I want our industrial civilization to survive, but there is a possibility that it is not sustainable.  If so, Gandhi’s spinning wheel may be the path to the future after all.

The quest for sainthood is always hard of the family and friends of the would-be saints, but Lelyveld’s book shows it was not an evasion.  Gandhi struggled as hard to overcome himself as to overcome his adversaries.

One of Gandhi’s major concerns was village sanitation, which was directly tied in with Untouchability.  Upper-caste Hindus felt free to defecate wherever they liked because Untouchables were there to clean it up.  Gandhi taught in effect that it is everyone’s responsibility to clean up their own shit, literally as well as figuratively  He set the example, and demanded his followers follow their example.

His first “fast unto death” was a protest against separate representation for the Untouchables in the Congress Party, which Gandhi saw as a form of segregation.  He made little impression on the Brahman leaders.  They argued that the position of the Untouchables were simply a working out of the karma of their previous lives, and so there was nothing unjust about their position.   The Untouchables meanwhile produced their own leaders, who disputed Gandhi’s claim to speak for them.

Gandhi strove for Hindu-Muslim understanding throughout his political career.  Many of Gandhi’s early speeches in South Africa were in mosques.  After World War One, Gandhi in India was a strong advocate of the restoration of the Caliphate as a way of identifying the Indian National Congress with the concerns of Indian Muslims.  His last “fast unto death” was directed at ending Hindu-Muslim violence, and his murderer was a Hindu nationalist who thought Gandhi soft on Muslims.

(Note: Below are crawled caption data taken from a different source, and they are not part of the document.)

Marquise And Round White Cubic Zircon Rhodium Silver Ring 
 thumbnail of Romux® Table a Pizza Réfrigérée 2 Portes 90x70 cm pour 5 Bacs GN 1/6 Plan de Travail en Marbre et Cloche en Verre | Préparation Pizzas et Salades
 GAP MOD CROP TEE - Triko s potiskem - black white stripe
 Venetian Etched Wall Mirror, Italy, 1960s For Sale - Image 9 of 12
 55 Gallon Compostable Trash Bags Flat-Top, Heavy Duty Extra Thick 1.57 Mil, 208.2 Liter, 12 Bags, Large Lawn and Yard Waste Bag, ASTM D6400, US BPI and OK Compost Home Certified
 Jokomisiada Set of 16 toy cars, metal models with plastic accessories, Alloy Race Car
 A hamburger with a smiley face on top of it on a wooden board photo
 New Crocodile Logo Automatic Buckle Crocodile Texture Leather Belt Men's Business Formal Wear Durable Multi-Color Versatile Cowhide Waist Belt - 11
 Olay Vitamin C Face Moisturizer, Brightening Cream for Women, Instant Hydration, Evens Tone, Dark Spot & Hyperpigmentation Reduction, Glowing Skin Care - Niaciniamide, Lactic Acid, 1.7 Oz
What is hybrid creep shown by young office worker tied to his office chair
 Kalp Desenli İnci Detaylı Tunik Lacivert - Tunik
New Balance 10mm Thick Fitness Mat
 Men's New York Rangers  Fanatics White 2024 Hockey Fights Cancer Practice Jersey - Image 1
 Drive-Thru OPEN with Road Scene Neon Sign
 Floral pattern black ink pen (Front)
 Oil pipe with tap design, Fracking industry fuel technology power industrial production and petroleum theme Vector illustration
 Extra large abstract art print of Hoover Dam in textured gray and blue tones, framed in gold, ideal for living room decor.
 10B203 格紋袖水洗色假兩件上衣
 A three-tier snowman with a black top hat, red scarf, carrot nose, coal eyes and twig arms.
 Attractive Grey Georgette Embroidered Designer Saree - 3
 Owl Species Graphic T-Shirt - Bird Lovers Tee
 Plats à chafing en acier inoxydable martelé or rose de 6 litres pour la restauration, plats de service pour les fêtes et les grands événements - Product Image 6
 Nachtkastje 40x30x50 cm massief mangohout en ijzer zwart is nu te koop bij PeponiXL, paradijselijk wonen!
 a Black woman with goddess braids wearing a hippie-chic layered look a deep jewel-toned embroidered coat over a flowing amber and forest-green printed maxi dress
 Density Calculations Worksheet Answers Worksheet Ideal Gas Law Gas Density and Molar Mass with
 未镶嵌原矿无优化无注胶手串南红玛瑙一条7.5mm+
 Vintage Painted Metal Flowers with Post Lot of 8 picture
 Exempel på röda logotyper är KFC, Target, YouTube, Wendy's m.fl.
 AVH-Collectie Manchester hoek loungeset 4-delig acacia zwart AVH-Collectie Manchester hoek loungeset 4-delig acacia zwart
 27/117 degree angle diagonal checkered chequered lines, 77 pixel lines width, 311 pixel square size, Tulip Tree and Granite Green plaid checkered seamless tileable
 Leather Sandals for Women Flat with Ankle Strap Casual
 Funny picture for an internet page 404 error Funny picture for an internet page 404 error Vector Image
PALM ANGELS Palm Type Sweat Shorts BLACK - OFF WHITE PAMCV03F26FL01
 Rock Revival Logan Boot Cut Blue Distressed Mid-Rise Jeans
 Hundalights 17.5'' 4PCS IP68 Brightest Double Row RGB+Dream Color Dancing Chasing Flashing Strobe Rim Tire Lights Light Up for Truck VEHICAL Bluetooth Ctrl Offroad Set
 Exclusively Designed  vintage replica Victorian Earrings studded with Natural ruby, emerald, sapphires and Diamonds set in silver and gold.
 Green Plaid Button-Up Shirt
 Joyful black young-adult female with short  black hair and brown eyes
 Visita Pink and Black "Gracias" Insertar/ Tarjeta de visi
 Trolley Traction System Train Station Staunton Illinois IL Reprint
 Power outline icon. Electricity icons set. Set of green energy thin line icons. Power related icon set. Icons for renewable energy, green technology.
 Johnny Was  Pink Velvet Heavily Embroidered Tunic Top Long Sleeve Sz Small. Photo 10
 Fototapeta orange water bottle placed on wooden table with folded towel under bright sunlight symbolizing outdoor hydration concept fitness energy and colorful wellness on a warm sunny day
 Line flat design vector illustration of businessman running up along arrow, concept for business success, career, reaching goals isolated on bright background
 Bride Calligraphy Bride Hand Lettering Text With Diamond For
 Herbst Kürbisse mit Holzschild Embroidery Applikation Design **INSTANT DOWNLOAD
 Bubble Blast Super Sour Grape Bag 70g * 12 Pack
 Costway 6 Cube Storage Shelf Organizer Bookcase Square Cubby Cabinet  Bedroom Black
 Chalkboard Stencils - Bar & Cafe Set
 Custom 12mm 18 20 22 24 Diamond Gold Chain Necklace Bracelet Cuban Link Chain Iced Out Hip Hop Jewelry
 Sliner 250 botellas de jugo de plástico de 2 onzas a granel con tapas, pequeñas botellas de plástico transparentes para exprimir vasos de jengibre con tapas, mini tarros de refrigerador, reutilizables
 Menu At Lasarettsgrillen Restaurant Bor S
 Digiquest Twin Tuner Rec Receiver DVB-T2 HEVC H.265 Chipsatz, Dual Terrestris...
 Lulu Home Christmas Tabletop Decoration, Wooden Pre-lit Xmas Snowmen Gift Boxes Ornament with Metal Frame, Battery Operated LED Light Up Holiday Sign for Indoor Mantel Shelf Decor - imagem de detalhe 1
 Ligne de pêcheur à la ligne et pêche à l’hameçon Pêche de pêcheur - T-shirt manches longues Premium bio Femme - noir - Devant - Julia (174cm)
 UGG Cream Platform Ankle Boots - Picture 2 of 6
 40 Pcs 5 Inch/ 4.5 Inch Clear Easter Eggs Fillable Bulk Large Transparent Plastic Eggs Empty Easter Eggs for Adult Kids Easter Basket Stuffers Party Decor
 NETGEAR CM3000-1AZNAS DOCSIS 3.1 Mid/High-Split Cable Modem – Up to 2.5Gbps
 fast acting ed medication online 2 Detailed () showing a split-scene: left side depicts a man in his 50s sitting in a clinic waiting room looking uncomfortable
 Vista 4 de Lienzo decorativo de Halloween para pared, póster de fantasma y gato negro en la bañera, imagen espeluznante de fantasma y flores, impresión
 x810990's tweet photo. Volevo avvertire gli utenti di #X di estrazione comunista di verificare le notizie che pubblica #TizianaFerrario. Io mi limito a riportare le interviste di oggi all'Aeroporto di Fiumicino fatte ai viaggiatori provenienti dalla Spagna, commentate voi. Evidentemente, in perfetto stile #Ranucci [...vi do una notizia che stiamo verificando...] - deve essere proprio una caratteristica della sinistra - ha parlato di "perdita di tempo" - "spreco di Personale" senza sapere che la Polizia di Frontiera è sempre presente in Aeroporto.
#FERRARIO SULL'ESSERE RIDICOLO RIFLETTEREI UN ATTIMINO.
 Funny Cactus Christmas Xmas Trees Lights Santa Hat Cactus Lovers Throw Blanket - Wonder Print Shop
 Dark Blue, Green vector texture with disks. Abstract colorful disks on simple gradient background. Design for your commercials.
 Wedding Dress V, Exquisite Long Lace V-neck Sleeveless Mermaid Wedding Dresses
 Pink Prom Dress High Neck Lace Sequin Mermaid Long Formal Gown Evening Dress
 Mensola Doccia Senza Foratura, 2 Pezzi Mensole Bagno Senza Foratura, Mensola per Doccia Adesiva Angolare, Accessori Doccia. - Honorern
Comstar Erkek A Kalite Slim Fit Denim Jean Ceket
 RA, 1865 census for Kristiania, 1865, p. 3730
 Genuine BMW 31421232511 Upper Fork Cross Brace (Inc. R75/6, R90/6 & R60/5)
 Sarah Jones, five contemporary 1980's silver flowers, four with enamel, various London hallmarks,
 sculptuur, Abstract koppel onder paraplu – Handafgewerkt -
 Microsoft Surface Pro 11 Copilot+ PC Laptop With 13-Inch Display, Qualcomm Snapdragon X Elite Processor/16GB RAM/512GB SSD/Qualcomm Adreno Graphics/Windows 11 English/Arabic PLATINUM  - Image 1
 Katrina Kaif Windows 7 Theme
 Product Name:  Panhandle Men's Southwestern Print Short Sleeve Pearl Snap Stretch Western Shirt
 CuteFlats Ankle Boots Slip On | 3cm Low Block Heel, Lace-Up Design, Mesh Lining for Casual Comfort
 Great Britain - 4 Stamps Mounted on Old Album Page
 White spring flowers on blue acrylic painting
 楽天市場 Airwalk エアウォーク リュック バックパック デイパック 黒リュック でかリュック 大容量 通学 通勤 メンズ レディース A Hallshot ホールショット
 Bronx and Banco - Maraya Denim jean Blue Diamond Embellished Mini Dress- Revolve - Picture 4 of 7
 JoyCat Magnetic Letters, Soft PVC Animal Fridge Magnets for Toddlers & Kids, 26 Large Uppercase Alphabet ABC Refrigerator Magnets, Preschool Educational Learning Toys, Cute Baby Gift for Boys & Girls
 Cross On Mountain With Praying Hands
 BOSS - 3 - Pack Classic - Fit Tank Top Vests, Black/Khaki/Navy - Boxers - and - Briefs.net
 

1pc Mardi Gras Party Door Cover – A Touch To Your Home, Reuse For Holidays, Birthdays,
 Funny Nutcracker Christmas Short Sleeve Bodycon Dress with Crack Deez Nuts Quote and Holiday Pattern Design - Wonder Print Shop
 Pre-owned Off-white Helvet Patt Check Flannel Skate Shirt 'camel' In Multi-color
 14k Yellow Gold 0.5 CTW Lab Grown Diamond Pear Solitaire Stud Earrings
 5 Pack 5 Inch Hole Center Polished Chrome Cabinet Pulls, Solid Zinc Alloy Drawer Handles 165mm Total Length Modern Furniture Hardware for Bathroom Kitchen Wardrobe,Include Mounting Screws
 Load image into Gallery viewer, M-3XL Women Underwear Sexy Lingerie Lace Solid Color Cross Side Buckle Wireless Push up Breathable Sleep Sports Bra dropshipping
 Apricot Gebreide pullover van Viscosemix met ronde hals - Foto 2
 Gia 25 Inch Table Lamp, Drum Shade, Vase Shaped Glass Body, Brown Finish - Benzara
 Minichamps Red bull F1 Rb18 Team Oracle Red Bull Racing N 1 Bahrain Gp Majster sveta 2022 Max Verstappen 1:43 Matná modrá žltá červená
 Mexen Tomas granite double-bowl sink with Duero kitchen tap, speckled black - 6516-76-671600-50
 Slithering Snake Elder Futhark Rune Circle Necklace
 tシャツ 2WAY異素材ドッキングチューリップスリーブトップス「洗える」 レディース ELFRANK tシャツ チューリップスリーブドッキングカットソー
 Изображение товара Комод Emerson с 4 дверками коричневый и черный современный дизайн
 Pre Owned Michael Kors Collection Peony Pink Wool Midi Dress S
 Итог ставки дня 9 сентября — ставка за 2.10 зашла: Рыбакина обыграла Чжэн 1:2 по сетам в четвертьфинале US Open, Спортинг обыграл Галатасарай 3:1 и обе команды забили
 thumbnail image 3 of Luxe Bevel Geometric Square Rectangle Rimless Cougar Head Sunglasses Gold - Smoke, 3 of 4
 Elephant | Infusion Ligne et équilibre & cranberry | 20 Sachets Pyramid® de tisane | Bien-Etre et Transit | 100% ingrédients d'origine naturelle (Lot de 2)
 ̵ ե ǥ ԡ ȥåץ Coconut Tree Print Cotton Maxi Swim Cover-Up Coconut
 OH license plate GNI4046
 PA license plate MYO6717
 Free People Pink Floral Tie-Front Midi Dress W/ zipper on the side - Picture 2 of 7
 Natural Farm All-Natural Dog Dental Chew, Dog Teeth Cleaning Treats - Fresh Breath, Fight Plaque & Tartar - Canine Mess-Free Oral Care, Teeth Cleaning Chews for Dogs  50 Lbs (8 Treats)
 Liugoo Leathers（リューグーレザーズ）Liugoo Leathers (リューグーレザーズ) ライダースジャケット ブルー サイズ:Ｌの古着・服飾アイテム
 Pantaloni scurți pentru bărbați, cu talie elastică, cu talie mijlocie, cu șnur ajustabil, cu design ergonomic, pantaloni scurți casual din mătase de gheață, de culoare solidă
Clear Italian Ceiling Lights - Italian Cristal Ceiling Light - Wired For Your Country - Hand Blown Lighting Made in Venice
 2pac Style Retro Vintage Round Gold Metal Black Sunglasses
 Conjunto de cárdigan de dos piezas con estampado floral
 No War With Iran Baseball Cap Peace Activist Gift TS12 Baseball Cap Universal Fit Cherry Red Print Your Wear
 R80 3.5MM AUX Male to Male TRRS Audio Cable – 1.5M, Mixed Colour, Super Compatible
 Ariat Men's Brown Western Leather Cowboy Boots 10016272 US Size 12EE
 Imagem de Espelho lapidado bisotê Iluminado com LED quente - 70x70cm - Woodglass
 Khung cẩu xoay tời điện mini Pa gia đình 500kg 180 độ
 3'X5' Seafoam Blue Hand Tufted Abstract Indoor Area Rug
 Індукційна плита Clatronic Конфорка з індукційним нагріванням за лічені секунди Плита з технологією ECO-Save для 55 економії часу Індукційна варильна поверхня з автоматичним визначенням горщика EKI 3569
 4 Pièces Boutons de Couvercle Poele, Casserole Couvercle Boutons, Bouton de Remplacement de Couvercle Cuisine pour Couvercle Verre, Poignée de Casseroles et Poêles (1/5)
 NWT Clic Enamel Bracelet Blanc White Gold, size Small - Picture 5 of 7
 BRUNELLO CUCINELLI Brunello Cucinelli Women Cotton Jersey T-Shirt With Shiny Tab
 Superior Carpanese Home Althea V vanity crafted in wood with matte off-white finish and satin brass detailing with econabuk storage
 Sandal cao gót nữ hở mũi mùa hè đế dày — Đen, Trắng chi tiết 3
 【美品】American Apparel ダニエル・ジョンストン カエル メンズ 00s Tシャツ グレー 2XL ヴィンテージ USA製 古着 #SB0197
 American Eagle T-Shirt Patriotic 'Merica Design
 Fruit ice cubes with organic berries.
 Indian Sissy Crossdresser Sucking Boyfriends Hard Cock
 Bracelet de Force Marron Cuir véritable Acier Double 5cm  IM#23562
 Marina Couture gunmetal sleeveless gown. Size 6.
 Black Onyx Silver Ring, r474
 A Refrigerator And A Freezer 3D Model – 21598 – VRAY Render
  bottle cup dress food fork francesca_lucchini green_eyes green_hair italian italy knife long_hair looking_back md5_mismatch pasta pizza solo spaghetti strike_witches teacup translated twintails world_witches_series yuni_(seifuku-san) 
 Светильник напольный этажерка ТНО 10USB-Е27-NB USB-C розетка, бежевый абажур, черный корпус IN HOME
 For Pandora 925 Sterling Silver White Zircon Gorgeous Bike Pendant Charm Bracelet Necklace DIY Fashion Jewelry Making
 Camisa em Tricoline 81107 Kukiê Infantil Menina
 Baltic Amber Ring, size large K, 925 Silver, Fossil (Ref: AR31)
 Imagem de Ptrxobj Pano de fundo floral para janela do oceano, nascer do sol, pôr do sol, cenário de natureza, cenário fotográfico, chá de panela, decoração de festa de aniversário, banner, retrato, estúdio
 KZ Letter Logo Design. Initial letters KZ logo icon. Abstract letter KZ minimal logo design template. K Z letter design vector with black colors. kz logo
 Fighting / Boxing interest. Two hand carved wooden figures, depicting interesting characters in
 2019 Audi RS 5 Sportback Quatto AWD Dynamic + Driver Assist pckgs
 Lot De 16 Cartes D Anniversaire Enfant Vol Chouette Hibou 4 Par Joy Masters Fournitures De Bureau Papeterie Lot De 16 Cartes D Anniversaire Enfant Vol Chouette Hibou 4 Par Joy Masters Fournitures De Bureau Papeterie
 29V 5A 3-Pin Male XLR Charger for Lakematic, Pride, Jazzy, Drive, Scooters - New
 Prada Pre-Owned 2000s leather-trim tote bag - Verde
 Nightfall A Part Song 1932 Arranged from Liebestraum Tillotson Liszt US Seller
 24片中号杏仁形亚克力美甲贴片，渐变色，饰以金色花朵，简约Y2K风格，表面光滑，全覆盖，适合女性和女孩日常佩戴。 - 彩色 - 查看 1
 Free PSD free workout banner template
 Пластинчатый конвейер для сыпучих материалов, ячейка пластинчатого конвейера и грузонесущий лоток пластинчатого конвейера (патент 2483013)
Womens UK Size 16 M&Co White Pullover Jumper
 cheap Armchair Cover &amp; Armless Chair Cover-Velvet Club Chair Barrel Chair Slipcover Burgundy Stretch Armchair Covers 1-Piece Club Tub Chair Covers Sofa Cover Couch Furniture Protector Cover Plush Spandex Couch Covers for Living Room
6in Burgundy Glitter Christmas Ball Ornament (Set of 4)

In his own eyes, Gandhi was a failure.  But, as Lelyveld said, Gandhi’s example of courage, persistence, identification with the poorest, striving for selflessness still has a power to inspire, both inside and outside India.  “… Compared with the other leading political figures of our time,” Orwell wrote, “how clean a smell he has managed to leave behind!”

Click on Reflections on Gandhi for George Orwell’s essay in full.

Click on Mahatma Gandhi for an essay by Bertrand Russell. [Added 10/11/11]

Click on In ‘Great Soul,’ Joseph Lelyveld Reexamines Gandhi and How Gandhi Became Gandhi for articles on Lelyveld’s book in the New York Times.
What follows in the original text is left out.